Work to be completed »
Every line from the beginning of the records below up to the one holding "Maccabi Tel Aviv" should be quoted exactly; leave out the rest.

Material for the task »
"""

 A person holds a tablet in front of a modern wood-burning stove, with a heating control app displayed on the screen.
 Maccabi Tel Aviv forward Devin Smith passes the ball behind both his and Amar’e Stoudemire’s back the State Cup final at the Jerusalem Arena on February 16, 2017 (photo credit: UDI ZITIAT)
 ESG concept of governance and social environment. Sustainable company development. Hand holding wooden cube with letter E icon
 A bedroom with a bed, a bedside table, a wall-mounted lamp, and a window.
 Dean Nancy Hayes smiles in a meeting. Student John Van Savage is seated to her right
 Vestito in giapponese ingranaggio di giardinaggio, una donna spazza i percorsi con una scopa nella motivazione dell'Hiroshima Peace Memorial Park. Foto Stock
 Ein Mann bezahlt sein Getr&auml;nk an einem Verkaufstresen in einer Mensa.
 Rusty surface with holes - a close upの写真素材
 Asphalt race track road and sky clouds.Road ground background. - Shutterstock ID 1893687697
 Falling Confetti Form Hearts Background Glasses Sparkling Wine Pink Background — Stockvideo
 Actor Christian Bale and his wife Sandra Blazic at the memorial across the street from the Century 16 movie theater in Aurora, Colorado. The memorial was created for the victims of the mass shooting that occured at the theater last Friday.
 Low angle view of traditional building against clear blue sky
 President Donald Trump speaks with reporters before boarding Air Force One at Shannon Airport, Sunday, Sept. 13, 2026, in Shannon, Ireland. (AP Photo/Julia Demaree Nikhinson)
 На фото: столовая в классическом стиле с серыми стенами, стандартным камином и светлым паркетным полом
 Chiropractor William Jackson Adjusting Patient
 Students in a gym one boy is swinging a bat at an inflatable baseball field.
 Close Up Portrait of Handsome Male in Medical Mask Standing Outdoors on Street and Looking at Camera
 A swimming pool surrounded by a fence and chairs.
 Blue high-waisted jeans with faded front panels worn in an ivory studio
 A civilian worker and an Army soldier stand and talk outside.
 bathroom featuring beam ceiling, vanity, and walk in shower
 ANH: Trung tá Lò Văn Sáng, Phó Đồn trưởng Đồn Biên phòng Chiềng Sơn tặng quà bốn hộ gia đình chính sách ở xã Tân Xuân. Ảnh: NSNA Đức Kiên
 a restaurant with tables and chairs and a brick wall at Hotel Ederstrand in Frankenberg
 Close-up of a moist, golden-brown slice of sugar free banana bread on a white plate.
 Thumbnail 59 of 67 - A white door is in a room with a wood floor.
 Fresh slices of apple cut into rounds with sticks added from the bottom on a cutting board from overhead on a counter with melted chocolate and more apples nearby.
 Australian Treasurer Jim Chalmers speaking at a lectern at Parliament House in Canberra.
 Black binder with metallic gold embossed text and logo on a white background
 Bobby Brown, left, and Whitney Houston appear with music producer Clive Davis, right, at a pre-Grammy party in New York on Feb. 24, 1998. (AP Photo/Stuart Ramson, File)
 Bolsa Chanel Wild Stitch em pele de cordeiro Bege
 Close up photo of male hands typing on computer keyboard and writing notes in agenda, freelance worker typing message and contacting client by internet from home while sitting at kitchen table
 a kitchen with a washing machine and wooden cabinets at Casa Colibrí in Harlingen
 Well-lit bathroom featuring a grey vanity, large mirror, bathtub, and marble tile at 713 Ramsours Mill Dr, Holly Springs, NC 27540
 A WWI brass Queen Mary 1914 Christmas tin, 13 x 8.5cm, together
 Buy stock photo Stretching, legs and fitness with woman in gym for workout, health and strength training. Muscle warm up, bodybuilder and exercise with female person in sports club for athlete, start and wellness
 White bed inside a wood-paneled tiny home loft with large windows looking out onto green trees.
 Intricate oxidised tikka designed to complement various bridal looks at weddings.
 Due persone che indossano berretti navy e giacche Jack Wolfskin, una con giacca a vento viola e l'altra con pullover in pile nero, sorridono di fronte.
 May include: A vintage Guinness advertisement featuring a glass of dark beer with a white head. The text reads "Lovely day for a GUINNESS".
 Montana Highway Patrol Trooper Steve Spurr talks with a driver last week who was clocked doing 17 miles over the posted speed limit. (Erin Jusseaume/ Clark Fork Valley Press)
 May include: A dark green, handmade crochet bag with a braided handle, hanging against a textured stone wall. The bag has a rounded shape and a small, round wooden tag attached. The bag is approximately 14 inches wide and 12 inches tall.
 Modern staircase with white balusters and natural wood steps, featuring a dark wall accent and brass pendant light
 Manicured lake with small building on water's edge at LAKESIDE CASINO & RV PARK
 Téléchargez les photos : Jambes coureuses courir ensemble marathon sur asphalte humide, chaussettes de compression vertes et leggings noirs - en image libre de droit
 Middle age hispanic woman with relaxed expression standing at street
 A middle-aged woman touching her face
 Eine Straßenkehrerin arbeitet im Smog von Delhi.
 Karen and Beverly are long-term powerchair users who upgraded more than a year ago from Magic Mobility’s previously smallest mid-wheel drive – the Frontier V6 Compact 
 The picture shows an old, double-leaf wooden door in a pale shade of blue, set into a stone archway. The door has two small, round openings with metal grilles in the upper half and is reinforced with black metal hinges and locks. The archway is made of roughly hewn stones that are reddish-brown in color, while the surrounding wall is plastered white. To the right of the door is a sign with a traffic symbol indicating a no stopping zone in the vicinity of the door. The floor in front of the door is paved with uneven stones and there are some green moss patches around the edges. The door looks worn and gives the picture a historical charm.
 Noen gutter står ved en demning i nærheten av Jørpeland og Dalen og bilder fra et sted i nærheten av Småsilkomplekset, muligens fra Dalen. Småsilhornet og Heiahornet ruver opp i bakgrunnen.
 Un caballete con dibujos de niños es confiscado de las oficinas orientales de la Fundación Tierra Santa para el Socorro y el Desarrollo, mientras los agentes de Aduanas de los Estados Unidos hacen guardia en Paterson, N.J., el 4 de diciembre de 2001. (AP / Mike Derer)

"""

Reply to the task »
 A person holds a tablet in front of a modern wood-burning stove, with a heating control app displayed on the screen.
 Maccabi Tel Aviv forward Devin Smith passes the ball behind both his and Amar’e Stoudemire’s back the State Cup final at the Jerusalem Arena on February 16, 2017 (photo credit: UDI ZITIAT)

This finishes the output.